ジョナサン・セリャクさん(31)は今年ニューヨーク市アッパーイーストサイドのマンションに引っ越した時、通りの向かいにある高級ジムのエクイノックスに入会する予定だった。しかし、新型コロナウイルスの感染拡大で米国中のスポーツクラブが閉鎖されたため、高校時代から持っていたウエートトレーニングの器具を部屋に設置した。

 部屋でのウエートリフティングと外でのランニングが新たな日課となったセリャクさんは、ジムの入会だけでなく、過去に友人と訪れていたヨガやバイクエクササイズのスタジオについても考え直している。

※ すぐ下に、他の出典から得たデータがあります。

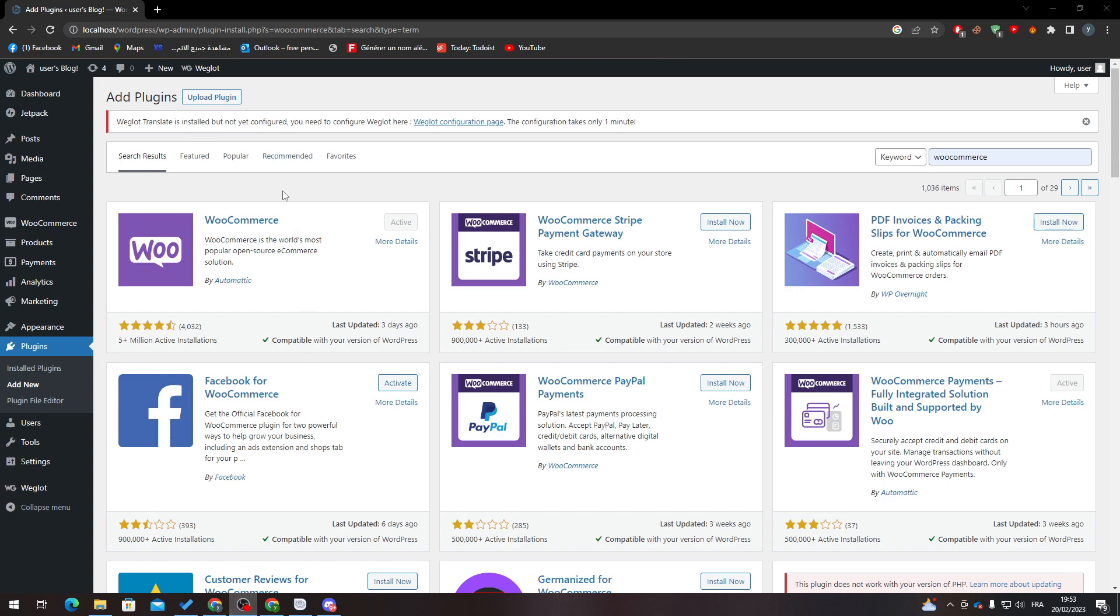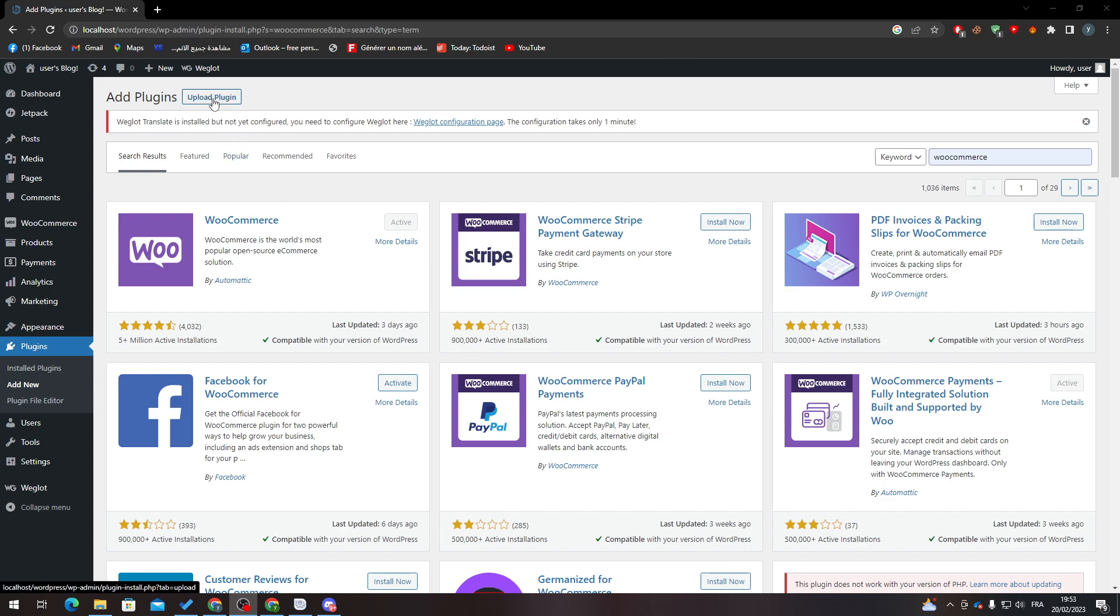How can you actually update this WooCommerce plugin? Well, there are actually multiple ways. The first one is uploading the plugin in the latest version. So let's say that you have a zip file containing WooCommerce. All you need to do is choose file and install.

 セリャクさんは「月会費がかかる本格的なジムにはもう入会しないつもりだ」と話す。新たに始めたワークアウトの低コストで便利な点が気に入っている。「誰かと調整してテキストを打ち、このクラスに通おうと伝えたりする必要がない。めちゃくちゃ簡単だ」

 コロナのパンデミック(世界的大流行)で、ジムを離れて家で運動をする動きが加速した。かつてジェーン・フォンダのVHSテープが促した流れをはるかに上回っている。セリャクさんのような人たちはネット接続機器やアプリといった新たな技術を使い、対面式のクラスで得られる注目、エネルギー、コミュニティー(挨拶や競争を含む)を、家から離れることなく享受している。

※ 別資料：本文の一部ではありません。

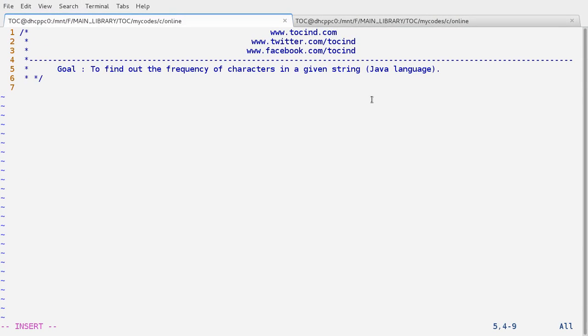Hey guys, welcome to TOC. This is Abhishek here. In this lecture, we are going to write a program which records the frequency of all the characters in a given string.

 そのためジムやフィットネススタジオはより多くのデジタルクラスを試し、顧客が安全に感じられる方法を模索している。多くの人が「巣ごもり」している間も収入を得るためだけでなく、パンデミックの収束後に戻ってきてもらうためだ。

 会員制の「クラスパス」はもともと、さまざまなフィットネスセンターへのアクセスを提供するためのサービスだったが、3月にはバーエクササイズやピラティス、エアロビクスなどのクラスの生配信を開始し、今では1週間に5万件を超えるオンデマンド型ワークアウトを提供している。レッスン料は無料から最大20ドル(約2100円)まで。コロナウイルスの感染拡大前には、クラスパス会員の大半は職場や自宅に近いスタジオでのワークアウトに参加していた。現在はデジタル会員の半数以上が、別の都市のスタジオで行われているクラスにオンラインで参加している。

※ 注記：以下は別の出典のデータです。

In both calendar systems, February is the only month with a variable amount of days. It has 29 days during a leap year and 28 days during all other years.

 だが、対面式のクラスとデジタルサービスを並行して運営するのは難しいかもしれないと一部のアナリストは指摘する。例えば、クラスパスのスタジオは一般に、対面式のクラスに比べてオンラインクラスの料金が大幅に安い。また、一部の有名スポーツクラブやインフルエンサーが、インスタグラムなどのソーシャルメディアプラットフォームでメンバーに無料でデジタルコンテンツを提供している。

 高級ジムやバイクエクササイズスタジオ「ソウルサイクル」を保有するエクイノックス・グループは、インスタグラムに無料のワークアウトを掲載している。米国の99カ所のジムのいずれかに会費――クラブによって異なりニューヨーク市では月額約190ドル(プラス入会金)から――を支払った人を対象に、数百のオンラインクラスへの無料アクセスを提供するモバイルアプリを3月に立ち上げた。会員は持っている器具や時間を基にコンテンツを検索できる。

 このアプリを手掛けるエクイノックス・メディアのジェーソン・ラローズCEOは、外出規制・自粛が収束した時には社会的接触に飢えた顧客が対面式のクラスやジムに戻って来ると期待。「終わった時のインストラクターとのハイタッチが好きだ」と話している。